The anomaly of cheap complexity

Freedom to Tinker 2022-08-04

Why are our computer systems so complex and so insecure?  For years I’ve been trying to explain my understanding of this question. Here’s one explanation–which happens to be in the context of voting computers, but it’s a general phenomenon about all our computers:

There are many layers between the application software that implements an electoral function and the transistors inside the computers that ultimately carry out computations. These layers include the election application itself (e.g., for voter registration or vote tabulation); the user interface; the application runtime system; the operating system (e.g., Linux or Windows); the system bootloader (e.g., BIOS or UEFI); the microprocessor firmware (e.g., Intel Management Engine); disk drive firmware; system-on-chip firmware; and the microprocessor’s microcode. For this reason, it is difficult to know for certain whether a system has been compromised by malware. One might inspect the application-layer software and confirm that it is present on the system’s hard drive, but any one of the layers listed above, if hacked, may substitute a fraudulent application layer (e.g., vote-counting software) at the time that the application is supposed to run. As a result, there is no technical mechanism that can ensure that every layer in the system is unaltered and thus no technical mechanism that can ensure that a computer application will produce accurate results. 

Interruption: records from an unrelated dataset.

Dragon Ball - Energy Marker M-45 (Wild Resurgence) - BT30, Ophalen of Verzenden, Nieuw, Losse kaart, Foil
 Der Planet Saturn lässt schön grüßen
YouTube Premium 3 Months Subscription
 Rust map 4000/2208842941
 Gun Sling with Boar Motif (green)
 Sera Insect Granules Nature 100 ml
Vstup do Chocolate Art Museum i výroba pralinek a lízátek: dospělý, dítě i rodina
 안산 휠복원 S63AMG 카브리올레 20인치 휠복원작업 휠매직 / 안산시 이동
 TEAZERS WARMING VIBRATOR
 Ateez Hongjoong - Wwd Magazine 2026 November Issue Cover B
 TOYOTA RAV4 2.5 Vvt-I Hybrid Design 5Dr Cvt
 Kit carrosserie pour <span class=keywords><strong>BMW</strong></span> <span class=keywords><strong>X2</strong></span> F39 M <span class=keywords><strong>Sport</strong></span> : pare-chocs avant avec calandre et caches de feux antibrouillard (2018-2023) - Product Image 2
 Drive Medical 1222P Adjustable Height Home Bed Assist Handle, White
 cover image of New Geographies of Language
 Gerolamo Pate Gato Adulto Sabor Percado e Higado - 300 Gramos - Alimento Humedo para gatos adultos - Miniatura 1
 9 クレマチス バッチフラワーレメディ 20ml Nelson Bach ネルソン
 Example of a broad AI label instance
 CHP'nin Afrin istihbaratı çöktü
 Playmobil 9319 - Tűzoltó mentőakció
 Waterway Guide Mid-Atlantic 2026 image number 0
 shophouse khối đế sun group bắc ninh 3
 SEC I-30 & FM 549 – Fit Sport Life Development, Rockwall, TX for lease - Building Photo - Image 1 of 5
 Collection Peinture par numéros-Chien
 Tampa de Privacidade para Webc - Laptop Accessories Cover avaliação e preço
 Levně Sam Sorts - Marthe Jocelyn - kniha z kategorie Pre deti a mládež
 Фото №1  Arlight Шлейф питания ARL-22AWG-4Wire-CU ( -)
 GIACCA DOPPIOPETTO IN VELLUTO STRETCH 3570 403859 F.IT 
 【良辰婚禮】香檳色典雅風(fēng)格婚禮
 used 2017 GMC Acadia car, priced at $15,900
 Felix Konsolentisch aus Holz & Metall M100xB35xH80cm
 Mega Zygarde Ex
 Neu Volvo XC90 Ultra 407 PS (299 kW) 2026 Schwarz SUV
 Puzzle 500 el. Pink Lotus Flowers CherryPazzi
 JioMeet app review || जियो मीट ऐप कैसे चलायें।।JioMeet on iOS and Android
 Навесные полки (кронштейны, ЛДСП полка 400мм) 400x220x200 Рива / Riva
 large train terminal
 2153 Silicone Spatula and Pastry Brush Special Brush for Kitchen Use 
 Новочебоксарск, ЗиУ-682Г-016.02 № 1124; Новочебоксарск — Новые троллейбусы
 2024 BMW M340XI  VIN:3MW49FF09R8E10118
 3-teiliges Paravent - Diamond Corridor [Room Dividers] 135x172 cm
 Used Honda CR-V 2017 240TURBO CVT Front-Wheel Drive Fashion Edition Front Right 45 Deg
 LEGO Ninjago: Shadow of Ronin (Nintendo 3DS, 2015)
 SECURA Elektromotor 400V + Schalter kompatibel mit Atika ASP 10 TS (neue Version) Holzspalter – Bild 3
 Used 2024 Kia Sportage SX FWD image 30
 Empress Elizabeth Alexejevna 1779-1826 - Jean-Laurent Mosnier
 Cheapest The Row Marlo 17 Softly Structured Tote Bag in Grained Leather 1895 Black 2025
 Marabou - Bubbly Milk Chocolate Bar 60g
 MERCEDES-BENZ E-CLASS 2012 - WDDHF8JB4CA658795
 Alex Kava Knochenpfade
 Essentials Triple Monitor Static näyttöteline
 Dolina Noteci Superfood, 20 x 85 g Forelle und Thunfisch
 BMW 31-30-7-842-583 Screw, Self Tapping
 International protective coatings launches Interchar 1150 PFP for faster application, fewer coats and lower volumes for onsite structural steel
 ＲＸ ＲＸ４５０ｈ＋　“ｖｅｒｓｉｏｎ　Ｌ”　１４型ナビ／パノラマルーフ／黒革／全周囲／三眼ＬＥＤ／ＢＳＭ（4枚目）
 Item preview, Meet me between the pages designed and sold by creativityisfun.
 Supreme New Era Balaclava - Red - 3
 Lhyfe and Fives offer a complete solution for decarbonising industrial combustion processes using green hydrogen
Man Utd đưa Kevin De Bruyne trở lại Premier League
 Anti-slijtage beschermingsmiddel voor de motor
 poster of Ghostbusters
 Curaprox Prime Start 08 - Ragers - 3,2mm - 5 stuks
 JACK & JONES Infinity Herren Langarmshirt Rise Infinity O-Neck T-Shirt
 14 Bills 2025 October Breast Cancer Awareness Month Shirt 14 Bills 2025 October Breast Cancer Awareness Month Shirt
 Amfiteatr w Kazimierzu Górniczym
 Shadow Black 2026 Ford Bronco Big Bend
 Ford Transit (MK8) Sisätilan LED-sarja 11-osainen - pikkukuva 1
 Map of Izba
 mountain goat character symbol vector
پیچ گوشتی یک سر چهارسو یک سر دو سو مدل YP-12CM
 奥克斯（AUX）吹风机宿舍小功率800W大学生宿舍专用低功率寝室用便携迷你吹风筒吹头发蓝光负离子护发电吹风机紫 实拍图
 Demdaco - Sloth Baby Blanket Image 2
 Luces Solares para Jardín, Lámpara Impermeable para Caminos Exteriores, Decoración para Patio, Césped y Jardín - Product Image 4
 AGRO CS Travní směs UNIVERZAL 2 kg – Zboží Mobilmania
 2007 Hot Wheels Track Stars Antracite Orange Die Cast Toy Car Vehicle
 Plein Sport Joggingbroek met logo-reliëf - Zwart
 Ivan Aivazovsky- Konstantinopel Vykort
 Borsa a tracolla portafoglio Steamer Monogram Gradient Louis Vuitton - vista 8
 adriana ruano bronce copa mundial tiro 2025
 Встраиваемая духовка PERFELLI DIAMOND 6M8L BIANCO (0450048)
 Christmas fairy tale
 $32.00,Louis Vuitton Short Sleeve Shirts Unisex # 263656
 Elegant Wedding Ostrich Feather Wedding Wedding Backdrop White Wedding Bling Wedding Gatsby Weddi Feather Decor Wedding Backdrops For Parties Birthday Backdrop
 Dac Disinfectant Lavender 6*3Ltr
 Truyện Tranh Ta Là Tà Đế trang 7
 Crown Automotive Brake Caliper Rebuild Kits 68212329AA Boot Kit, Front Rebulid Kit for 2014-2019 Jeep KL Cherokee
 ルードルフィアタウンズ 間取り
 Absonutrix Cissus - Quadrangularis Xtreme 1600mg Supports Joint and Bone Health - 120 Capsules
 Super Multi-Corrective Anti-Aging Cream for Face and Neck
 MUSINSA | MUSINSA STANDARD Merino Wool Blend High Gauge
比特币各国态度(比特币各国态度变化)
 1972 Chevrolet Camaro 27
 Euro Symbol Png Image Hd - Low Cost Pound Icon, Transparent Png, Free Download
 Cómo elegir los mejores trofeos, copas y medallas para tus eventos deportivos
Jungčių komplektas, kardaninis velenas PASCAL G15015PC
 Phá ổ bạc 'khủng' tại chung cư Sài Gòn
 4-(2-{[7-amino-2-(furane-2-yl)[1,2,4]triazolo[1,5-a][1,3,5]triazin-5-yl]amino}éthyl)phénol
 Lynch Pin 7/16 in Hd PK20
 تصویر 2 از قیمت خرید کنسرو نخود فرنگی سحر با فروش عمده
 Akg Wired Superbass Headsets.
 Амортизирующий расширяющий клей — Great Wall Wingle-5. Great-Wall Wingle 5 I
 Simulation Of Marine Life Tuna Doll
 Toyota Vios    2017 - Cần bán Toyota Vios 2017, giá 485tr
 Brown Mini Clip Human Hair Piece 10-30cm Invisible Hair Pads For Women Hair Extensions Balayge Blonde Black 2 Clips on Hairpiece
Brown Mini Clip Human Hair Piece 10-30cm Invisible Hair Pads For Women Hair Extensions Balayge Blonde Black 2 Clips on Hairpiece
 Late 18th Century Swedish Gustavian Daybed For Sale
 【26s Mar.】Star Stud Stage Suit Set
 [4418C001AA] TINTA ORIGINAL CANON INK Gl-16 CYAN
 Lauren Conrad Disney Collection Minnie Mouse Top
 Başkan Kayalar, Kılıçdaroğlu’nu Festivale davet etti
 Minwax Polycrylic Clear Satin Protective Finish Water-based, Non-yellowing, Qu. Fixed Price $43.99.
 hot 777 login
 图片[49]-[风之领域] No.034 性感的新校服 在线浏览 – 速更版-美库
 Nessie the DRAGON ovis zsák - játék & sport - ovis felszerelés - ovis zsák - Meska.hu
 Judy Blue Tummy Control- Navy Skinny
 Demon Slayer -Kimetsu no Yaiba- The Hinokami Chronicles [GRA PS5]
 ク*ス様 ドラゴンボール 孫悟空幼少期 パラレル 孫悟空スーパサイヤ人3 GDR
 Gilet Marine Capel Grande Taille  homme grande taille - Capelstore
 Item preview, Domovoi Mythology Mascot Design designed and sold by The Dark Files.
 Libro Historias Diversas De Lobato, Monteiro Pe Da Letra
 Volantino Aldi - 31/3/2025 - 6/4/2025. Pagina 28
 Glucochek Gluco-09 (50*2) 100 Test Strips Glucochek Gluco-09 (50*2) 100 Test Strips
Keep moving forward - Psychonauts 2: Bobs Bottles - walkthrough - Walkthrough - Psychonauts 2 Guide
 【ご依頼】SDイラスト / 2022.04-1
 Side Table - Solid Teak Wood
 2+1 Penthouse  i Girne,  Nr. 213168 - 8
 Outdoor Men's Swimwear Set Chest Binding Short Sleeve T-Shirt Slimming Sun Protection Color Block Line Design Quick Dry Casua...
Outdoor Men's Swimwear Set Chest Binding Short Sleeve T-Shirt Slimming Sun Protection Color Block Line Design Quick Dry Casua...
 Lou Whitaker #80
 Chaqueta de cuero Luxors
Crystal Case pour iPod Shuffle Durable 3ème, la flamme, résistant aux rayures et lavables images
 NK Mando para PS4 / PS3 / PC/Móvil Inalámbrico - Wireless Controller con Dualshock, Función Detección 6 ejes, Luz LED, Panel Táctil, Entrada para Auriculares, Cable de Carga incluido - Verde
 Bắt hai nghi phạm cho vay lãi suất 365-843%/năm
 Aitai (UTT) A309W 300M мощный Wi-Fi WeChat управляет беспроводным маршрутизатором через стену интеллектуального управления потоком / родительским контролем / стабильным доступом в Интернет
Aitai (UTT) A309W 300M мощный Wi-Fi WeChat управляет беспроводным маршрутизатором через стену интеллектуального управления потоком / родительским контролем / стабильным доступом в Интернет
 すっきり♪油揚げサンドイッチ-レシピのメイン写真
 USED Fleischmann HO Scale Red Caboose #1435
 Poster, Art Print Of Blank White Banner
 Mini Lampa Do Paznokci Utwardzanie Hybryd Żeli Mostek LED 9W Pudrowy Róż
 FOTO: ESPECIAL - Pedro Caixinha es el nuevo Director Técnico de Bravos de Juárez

[Securing the Vote, page 89-90]

So, computers are insecure because they have so many complex layers.

But that doesn’t explain why there are so many layers, and why those layers are so complex–even for what “should be a simple thing” like counting up votes.

Recently I came across a really good explanation: a keynote talk by Thomas Dullien entitled “Security, Moore’s law, and the anomaly of cheap complexity” at CyCon 2018, the 10th International Conference on Cyber Conflict, organized by NATO.

Thomas Dullien’s talk video is here, but if you want to just read the slides, they are here.

As Dullien explains,

A modern 2018-vintage CPU contains a thousand times more transistors than a 1989-vintage microprocessor.  Peripherals (GPUs, NICs, etc.) are objectively getting more complicated at a superlinear rate. In his experience as a cybersecurity expert, the only thing that ever yielded real security gains was controlling complexity.  His talk examines the relationship between complexity and failure of security, and discusses the underlying forces that drive both.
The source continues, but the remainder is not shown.